差し込んできた朝の光に誘われるように、そっと目を開け、窓の外を見る。青い空が広がっている。
「今日は散歩日和になりそうだな」
もそもそとベッドから起き上がり、顔を洗う。テーブルに着いて朝食を食べながら、引っ越してきたときに市役所でもらった地図を開く。
「どこに行こうか……。そうだ、今日は、隣の駅まで歩いてみよう」
鮮やかなオレンジのスカーフを首に巻き、家を出る。ドアを開けると同時に、まだ冷たさの残る新鮮な空気が身体を包む。

私は働き始めてから、日曜日の午前中をカフェですごすと決めていた。お気に入りの場所でちょっと贅沢な飲み物を注文して、読書をしたり、考え事をしたり、しばらく会っていなかった友達にメッセージを送ってみたりするのだ。その「日曜日のカフェの時間」は一週間の中でも特別な時間だった。

理想と現実が乖離していく中で、ふっと息をつけた日曜日のカフェ時間

そもそもこれを決めたのは、働くうちに社会の波に呑まれ、自分を失うことが怖くなったからだった。
学生の間は、「社会人になったって、私は自分の好きなことをやっていくんだ」と強気でいた。けれど、いざ仕事が始まると、目の前のことでいっぱいになった。
何をするにも手こずり、お昼の時間さえどこか緊張していて、一日の終わりには身体が自然とベッドに引っ張られる。好きな読書や料理、音楽を聞くための時間はどんどん短くなり、頭の中は気付かないうちに新しい物事であふれ返っていた。

社会人になるとはそういうものなのかもしれない。
でも私は、焦り、そして恐れを感じていた。こうして自分の感覚や感性が麻痺していって、いつしか数多の「大人」と同じようになってしまうのではないか、と。
だからある休日、カフェでのんびりしたあと、自分の心に余裕が戻っているのに気が付いたとき、日曜日の朝はカフェに足を運ぶことを決めたのだ。

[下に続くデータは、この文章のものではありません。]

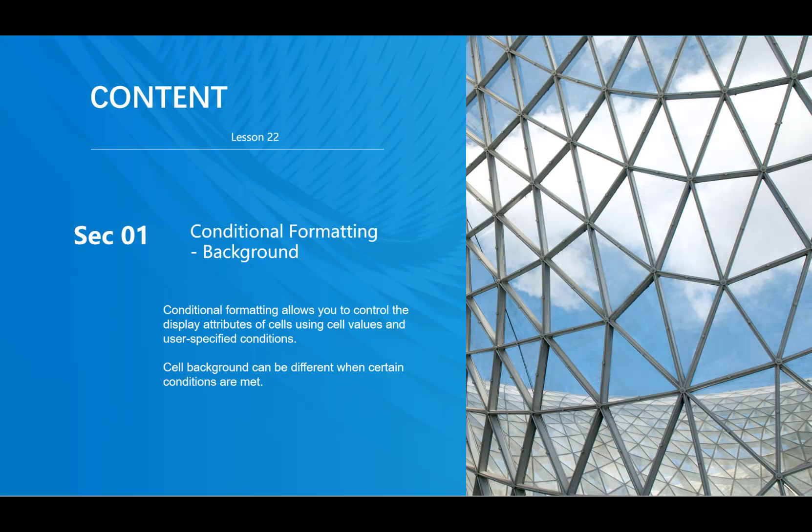Hello everyone, in this lesson we will talk about conditional formatting background. Conditional formatting allows you to control the display attributes of cells using cell value and user-specific conditions.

栗のカフェに美味しいパン屋、少し歩くだけで新たな出会い

しかし、新しく住み始めた街で、行きつけのカフェができつつあったころ、再び緊急事態宣言が出され、お店が一時休業となってしまった。楽しみにしていた時間がなくなったことで、私はとてもがっかりした。だからと言って一日中家ですごす気持ちにはなれず、代わりに散歩してみることを思い付いたのだった。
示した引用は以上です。